I wonder how many of us have created our most meaningful works from a place of heartbreak or loss or uncertainty.
I know for myself that my photography took a dramatic turn as I faced down the devastating effects of my mother’s dementia and the depression that threatened to consume my son.
I’ve followed the work of Brandon Thibodeaux for years, and I understand the place from which he began the work for his newly released book, In That Land of Perfect Day.
From the Washington Post article – Finding Race and Compassion in the Mississippi Delta, by writer Marisa Schwartz Taylor:
Thibodeaux had just come out of an eight-year relationship that ended with a lost pregnancy. “I was heartbroken and lost,” he said. “I did what I’ve always done as a cancer survivor and curious photographer, I turned to strangers to find the answers.”

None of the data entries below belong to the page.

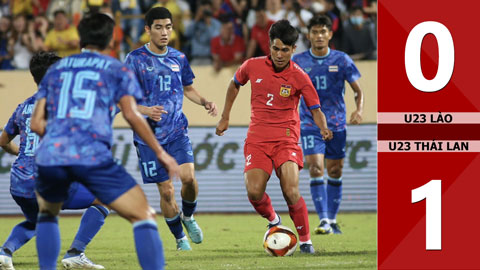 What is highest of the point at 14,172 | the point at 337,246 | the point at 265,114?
the point at 265,114

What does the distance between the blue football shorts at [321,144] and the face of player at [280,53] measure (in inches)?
85.1

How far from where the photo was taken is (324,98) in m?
10.2

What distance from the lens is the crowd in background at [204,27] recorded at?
45.3 ft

“My goal for this work is to allow the humanity of the region, the stories of triumph both small and large, to rise to the surface in hopes of fostering a better understanding of its racial identity,” he said.
“As long as there’s been race, there has been racism,” Thibodeaux said. “It didn’t start with us, and it certainly won’t end with us. But finding common ground through a shared human experience can help solve this pervasive and long-lasting cancer, and this is done one heart at a time.”
I don’t know how, or if, my photographs will change the world.
I only know that each of us must try to find a place where even broken things are whole.